Issue with switching NvBufferTransform() for NvBufferTransformAsync()

Im trying to introduce concurrency to my image processing pipeline. I beleive the pipeline in its synchronous state worked correctly. The color space tranforms were working and the cuda kernel was being applied as expected.

My Pipeline: FrameCapture → NvBufferTransform → Cuda Kernel → NvBufferTransform → Encoder.
(Based on sample apps 10_camera_recording and 03_video_cuda_enc )

My approach was to switch out the first synchronous transform for the asynchronous transform in a manner that keeps the full pipeline synchronous as a simple first step to prove I could used the async functions correctly. I switched out the NvBufferTransform() call for the code below.

(In both the sync and aysnc cases Im using NvBufferMemMap and NvBufferMemSyncForDevice after the transform is complete. Although im not exactly sure if this is required. )

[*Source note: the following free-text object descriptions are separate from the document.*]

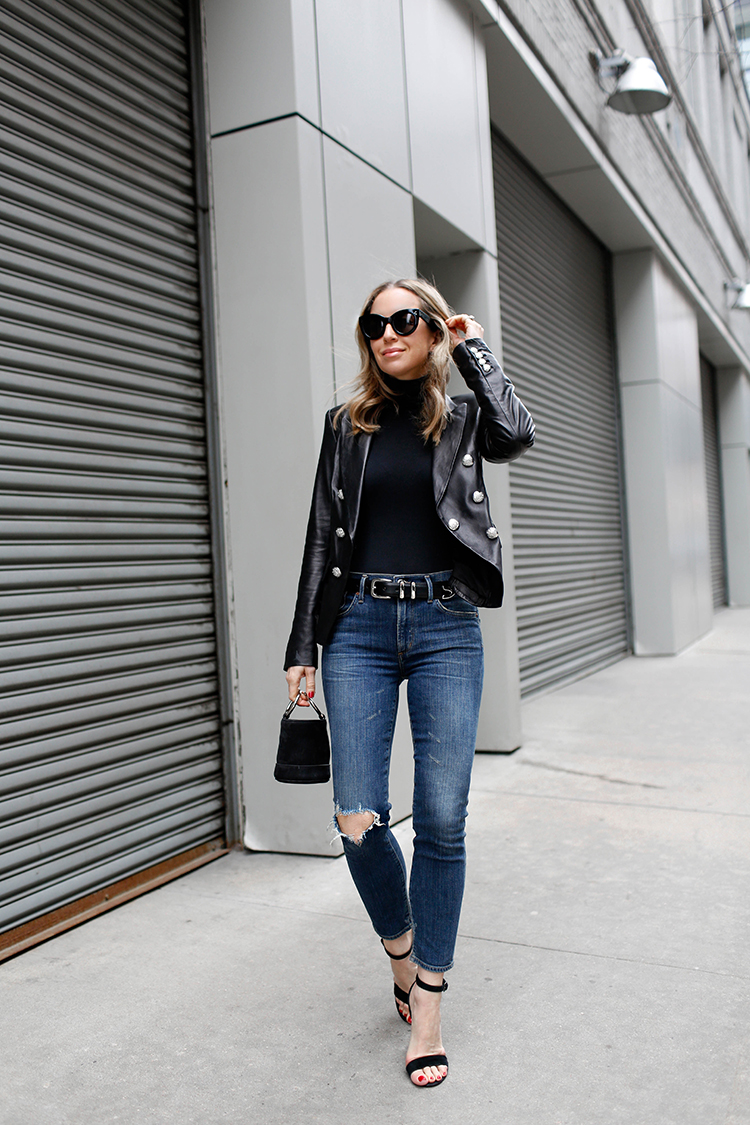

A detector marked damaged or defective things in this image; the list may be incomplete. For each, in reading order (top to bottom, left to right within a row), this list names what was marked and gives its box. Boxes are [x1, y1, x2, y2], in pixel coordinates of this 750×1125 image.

rusty metal strip at wall base [0, 841, 229, 963]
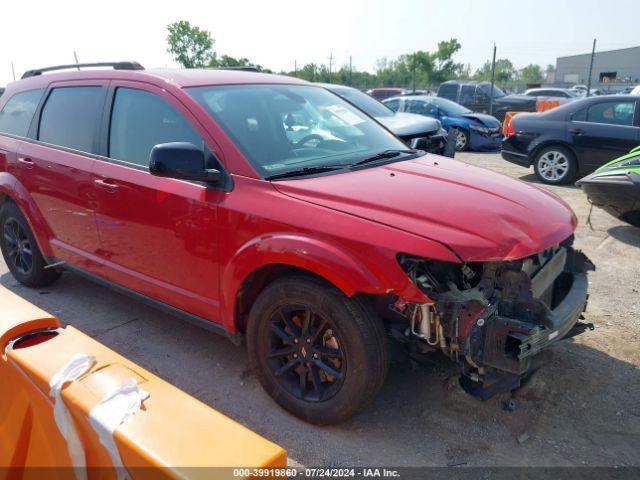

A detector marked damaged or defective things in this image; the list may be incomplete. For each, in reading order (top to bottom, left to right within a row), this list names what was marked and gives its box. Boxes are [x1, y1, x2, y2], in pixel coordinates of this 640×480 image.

damaged red suv [0, 62, 596, 424]
crushed front end [390, 235, 596, 398]
damaged front bumper [392, 238, 596, 400]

// Convert input NV12 frame to ARGB32 asynchronously, storing in pre-allocated argbFd.
int ret = NvBufferTransformAsync(inputDmabufFd, argbFd, &transParams, &syncobj);
if (ret < 0) {
    ORIGINATE_ERROR("Failed to start async NV12 to ARGB transformation");
}

// Wait for transformation to complete, ensuring blocking behavior
ret = NvBufferSyncObjWait(&syncobj.outsyncobj, NVBUFFER_SYNCPOINT_WAIT_INFINITE);
if (ret < 0) {
    ORIGINATE_ERROR("Failed to wait for async transformation completion");
}

This did not produce the behaviour I expected.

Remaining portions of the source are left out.